The model, initially trained with Cuban literary texts, national press, political speeches and the Official Gazette, has already begun to show results. Its development has been promoted by the Artificial Intelligence and Data Science Group of the Faculty of Mathematics and Computer Science (Matcom), and its ultimate goal is for AI in Cuba to speak and understand “in Cuban”.
During its second public presentation, this time at the headquarters of the National Union of Jurists of Cuba, technical advances were shared, but above all, something fundamental was insisted on: without Cuban data, there is no truly Cuban AI. For this reason, the developers invite institutions, media, jurists and artists to add documents, scripts, songs, news and legal texts to nurture the model.
A collective project, from Cuba and for Cuba.
The CecilIA model is based on what specialists call “small language models” (SLM), which require fewer resources and are ideal for developing countries. Starting with the Salamandra base model (also in Spanish), the Cuban team carried out continuous training with its own corpus, and is now working on the design of Cuban instructions to fine-tune the interaction and better adapt the model's responses.
Dr. Yudivián Almeida, one of its leaders, announced that they expect to build a corpus with at least 10,000 specific instructions, many of which can be openly proposed by anyone interested. This aims at a collaborative AI, rooted in the knowledge of the people.

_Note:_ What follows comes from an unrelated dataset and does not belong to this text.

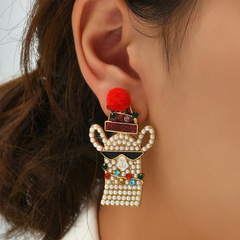 European and American fashion creative new diamond-studded pearl earrings wholesale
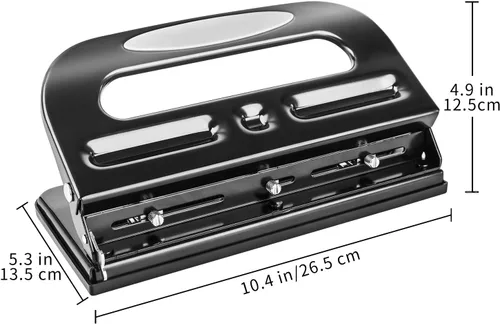 Vista 6 de Amazon Basics Perforadora de 2/3 agujeros, semiajustable, capacidad de 30 hojas, color negro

But the challenge is not only technical. The team stresses the importance of ethics, prevention of bias, explanation and the urgent need to digitize heritage documents. Libraries, publishers and archives still have valuable information only on paper, which limits access and use for AI training purposes.
Beyond software development, the CecilIA project has a deep cultural dimension: protecting Cuban identity in a world where algorithms often ignore the nuances of the Global South. The possibility of creating AI applications that recognize the country's speech, concepts and cultural references represents a strategic tool for information sovereignty.
During the meeting in Havana, jurists, linguists, sociologists and scientists agreed on the need for all disciplines to contribute to this type of projects. Not only to guarantee technical quality, but also so that the final result is aligned with the social, cultural and ethical values of the nation.
CecilIA is an example of what can be achieved from a public university and a committed scientific system. But its success will depend on society as a whole understanding that digital transformation is not a luxury, but a national necessity. While the work continues, the model is already inspiring other teams across the country. As they said at the close of the presentation: “we grew in everything”.